Word for word, and without a single picture, repeat the entries.

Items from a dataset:
----------------
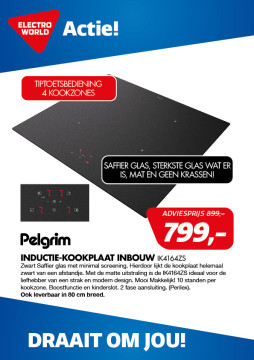 Pelgrim INDUCTIE-KOOKPLAAT INBOUW IK4164ZS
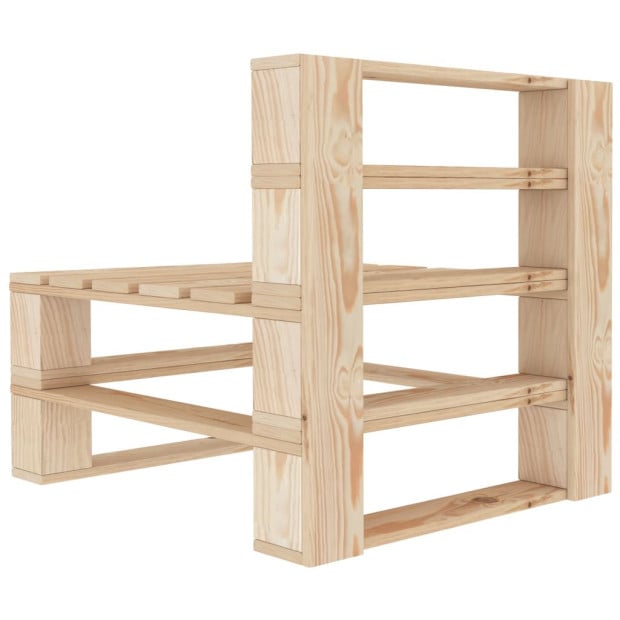7 Piece Lounge Set Pallets Wood Image 9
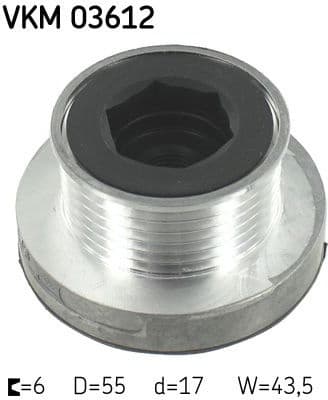 Alternator Freewheel Clutch SKF VKM 03612 - image 2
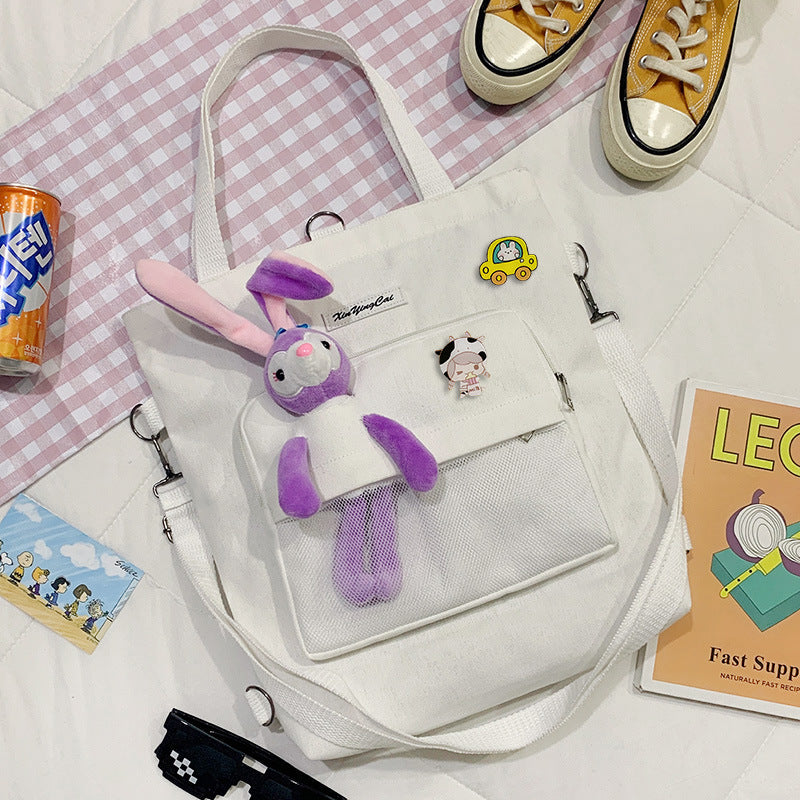 Bear Doll Multi-Purpose Canvas Bag – Harajuku Style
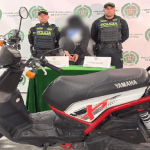 Capturan en Santa Fe a hombre con antecedentes tras robo de motocicleta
----------------
Solved exercise —
 Pelgrim INDUCTIE-KOOKPLAAT INBOUW IK4164ZS
7 Piece Lounge Set Pallets Wood Image 9
 Alternator Freewheel Clutch SKF VKM 03612 - image 2
 Bear Doll Multi-Purpose Canvas Bag – Harajuku Style
 Capturan en Santa Fe a hombre con antecedentes tras robo de motocicleta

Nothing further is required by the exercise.